Solutions selling is the name of the game for the business continuity/DR marketplace today. This is the single most important and clear message from practitioners to the vendor community coming from the May 4, 2010 Wikibon Peer Incite discussion on zero data loss strategies. On the call, the Wikibon community was joined by two practitioners from global financial firms holding senior level IT positions with extensive experience in IT management, disaster recovery and business continuity. It has been more than 20 years since the industry began the transition from a focus on data center recovery to business continuity planning and understanding the role technology plays in enabling the recovery of normal business operations in the face of operational failures of many types. However, according to these experts, the vendor community has a ways to go to better understand recoverability requirements, costs, and benefits unique to each business they sell to.
Be Reasonable and Practical
This core message about recovery solutions was supported with other guidance from the practitioner community:
- Sell solutions on a more practical and reasonable basis. Soft costs and artificial savings are difficult to project. Understand the business and quantify data and service loss in terms of human efforts, business opportunity cost, loss in productivity, and reputation.
- Sell solutions on the basis that:
- Can guaranty functionality and benefits.
- Demonstrates how the solution will work in my business and technology environment, and,
- Will convince customers that complexities can be overcome.
- If the solution is overly complex, support it with services.
- Sell a solution (product, services, support) – not a fragmented product. *Demonstrate that you understand the problem and show examples of peer solutions (industry peers, please).
Data Recording and Information Dispersal
Example of Two Protection and Recovery Strategies
Practitioners must consider several trade-offs when deciding on data protection and recovery solutions. For example, on the call we raised the point about the differences between “electronic data recording (EDR)” and “information dispersal algorithm (IDA)“ technologies as solutions data protection and recovery. EDR uses a hardened “cache”, or persistent storage to synchronously replicate data from a main site. This is a buffer to data centers situated at asynchronous distances from each other. If data at the primary site is lost, the 'delta' data in the EDR can be rolled forward through alternate networks and synchronized to the secondary or recovery site.
IDA, on the other hand, is a completely different solutions strategy and architecture.
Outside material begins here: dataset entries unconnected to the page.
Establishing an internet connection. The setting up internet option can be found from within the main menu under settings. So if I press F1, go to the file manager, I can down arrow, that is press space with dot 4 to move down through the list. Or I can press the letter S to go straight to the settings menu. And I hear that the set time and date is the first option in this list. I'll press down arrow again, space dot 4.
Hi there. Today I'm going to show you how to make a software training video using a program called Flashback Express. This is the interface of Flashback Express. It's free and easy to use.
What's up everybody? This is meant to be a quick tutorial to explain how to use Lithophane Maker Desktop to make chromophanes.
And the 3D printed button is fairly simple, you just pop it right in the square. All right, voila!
IDAs split data into multiple pieces and allow it to be recovered from some threshold subset of those pieces. In a typical implementation, a data center might create an IDA environment which is 10-of-15. This requires that 10 data streams, nodes, or storage locations be accessed to continue processing or recover data in the case of a disaster or data loss event. However, if 10 of 15 nodes fail or are affected by a disaster, all data recovered is unusable. On the flip side, if fewer than 10 nodes are attacked by a side channel, hacker, or malware, the data will have no value.
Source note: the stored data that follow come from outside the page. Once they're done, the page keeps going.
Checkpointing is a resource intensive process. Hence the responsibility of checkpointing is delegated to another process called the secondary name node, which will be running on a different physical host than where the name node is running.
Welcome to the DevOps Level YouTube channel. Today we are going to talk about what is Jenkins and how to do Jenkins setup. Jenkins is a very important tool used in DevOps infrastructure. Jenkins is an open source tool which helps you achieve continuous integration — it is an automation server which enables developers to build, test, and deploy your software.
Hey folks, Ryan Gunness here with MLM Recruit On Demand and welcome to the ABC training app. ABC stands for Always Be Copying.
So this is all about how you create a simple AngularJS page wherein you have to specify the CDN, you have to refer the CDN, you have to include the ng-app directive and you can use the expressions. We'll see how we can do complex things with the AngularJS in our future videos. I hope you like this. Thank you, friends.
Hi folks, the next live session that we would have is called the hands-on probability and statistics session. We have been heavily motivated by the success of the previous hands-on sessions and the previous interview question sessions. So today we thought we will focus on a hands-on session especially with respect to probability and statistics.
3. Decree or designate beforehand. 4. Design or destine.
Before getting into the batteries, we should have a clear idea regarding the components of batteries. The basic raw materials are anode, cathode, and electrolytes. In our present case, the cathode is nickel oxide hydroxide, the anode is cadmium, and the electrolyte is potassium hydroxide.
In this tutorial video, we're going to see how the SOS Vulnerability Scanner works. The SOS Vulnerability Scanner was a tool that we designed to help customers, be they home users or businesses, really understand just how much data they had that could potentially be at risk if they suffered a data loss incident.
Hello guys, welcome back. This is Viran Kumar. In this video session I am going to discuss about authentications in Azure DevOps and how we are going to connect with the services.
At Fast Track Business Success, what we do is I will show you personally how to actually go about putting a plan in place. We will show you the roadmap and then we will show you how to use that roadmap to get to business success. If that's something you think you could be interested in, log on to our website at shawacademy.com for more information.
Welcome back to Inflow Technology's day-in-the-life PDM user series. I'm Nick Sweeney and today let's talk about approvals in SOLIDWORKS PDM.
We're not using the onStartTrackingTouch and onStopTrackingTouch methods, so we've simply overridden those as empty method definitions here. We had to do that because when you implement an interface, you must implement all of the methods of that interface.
Both technologies can be configured to provide zero data loss solutions to an enterprise, but the vendor AND end-user must be able to determine the trade-offs in terms of cost, value, complexity, interoperability, recoverability, maturity, and a host of other factors.
Action Item: The vendor community must engage practitioners in recovery solutions selling. This means clearly demonstrating knowledge of business requirements and data protection options. At the same time, the BCDR practitioner must stay connected to innovations in data protection and recovery technologies and be able to engage in the debate of the pros, cons, and business trade-offs offered by the BCDR solutions marketplace.